その誰もが、彼の颯爽とフェアウェイを往く姿を思い起こし、二度とあの綺麗なスイングを見られない悲しみに沈んでいたのだった。
晩年、何度か同伴したカレドニアンでのプレーでは、すでに現役選手を退いていたので、気楽な遊び気分のゴルフではあったが、ゴルフに取り組む姿勢は選手時代と寸分違わぬ真摯なものだった。“真摯”は“紳士”に通じ、けっして怠惰に流れることがなかった。同伴プレーヤーのロスト・ボール捜しやピン持ちをするシーンだけは選手時代のプレー・スタイルと違ったが。
たとえば、スタート時間を迎えるまでの“中部式時間割”。
「明日の朝は、6時30分に迎えに来て。待ってるから」
彼の家の前に6時25分にクルマを着け、一服していると、薄明かりの中にゴルフバッグとボストン、ジャケットを片手に静かに現れる。クラブ・ハウスには必ずスタート時間の1時間前に到着、それからが判を捺したように正確な時間割が始まる。

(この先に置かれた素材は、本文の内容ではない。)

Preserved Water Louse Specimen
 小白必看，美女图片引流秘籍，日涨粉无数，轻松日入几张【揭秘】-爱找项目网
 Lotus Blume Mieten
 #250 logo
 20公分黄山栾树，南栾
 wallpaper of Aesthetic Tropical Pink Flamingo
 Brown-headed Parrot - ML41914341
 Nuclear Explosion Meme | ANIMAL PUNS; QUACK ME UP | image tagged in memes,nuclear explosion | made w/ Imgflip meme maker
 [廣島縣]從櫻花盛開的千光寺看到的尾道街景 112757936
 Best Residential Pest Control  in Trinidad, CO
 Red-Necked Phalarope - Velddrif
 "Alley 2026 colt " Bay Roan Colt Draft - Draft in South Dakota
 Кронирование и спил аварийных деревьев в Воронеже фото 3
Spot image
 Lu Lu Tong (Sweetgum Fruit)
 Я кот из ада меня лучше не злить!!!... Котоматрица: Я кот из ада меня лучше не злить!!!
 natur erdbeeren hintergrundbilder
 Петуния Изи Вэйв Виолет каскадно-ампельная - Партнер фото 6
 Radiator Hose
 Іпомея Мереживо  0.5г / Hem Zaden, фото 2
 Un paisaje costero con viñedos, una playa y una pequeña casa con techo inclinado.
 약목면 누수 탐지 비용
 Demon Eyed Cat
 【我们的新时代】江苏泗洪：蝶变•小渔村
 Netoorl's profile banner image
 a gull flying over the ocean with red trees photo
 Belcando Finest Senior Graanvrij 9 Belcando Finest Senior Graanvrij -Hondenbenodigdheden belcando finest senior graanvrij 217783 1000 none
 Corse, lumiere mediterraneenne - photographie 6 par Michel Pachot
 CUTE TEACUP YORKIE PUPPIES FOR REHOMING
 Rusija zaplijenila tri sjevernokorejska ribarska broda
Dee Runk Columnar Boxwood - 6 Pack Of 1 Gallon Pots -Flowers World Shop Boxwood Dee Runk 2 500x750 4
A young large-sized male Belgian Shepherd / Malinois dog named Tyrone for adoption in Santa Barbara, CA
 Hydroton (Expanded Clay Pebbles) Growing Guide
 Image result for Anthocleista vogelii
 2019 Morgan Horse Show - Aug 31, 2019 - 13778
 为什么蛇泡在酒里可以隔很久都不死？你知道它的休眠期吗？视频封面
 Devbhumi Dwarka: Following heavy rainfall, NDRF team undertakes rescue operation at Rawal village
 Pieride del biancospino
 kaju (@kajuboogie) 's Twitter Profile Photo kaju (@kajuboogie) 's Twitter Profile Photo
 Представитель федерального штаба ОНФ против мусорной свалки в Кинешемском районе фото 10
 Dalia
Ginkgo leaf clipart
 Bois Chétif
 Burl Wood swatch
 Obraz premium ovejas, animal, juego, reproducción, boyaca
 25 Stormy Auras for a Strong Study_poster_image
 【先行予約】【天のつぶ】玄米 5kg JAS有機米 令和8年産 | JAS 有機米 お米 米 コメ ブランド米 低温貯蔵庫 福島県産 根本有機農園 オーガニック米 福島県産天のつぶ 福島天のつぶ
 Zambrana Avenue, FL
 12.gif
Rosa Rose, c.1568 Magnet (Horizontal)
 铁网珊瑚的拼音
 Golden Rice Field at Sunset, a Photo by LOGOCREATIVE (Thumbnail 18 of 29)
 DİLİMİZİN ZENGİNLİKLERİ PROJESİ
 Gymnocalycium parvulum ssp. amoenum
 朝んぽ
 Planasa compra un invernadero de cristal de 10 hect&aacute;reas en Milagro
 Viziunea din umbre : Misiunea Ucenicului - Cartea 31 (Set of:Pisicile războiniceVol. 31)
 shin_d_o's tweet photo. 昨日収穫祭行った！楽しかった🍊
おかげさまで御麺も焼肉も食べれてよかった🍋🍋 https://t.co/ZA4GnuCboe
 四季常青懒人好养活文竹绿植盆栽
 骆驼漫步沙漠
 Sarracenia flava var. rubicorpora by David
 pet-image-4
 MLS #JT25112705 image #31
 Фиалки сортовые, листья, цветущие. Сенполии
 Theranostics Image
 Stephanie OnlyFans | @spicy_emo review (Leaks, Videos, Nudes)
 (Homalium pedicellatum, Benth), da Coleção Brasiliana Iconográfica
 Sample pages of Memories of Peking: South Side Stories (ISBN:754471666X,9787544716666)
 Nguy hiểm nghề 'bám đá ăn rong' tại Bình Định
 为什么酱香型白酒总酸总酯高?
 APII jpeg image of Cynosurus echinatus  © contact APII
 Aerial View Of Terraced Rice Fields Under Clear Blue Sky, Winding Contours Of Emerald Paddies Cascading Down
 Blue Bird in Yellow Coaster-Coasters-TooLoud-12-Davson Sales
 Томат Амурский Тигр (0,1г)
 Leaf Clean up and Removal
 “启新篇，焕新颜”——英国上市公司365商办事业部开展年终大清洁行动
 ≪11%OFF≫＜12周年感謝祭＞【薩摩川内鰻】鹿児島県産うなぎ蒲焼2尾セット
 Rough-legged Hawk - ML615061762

フロントでチェックイン。ロッカーで着替え。食堂に上がって和定食。煙草を一服してトイレに。練習場には2番アイアン一本だけを持参。まず、ウォームアップはドーナツ状の重いリングをクラブのネックにつけての素振り。ボール一箱を打ち終われば次は練習グリーンへ。端っこのカップに向けて2~3メートルを転がして、1番ティへ・・・・
この一連の動作がどこのゴルフ場へ赴いても同じなのだった。その流れるような時間割は慌てず騒がずで、まさに“悠々として急げ”の趣きなのだった。
在りし日の中部氏
富里ではインコース側にあるアプローチ、バンカー練習場でスタート前に熱心に球を打っていた。
最初は40ヤード地点からピンに向かって高く、低くボールを打ち、次にグリーンまわりをひとまわりするように様々な打ち方で転がりをテスト、最後にパッティング・グリーンでグリーンをテストしてゆったりとスタートへ向かっていた。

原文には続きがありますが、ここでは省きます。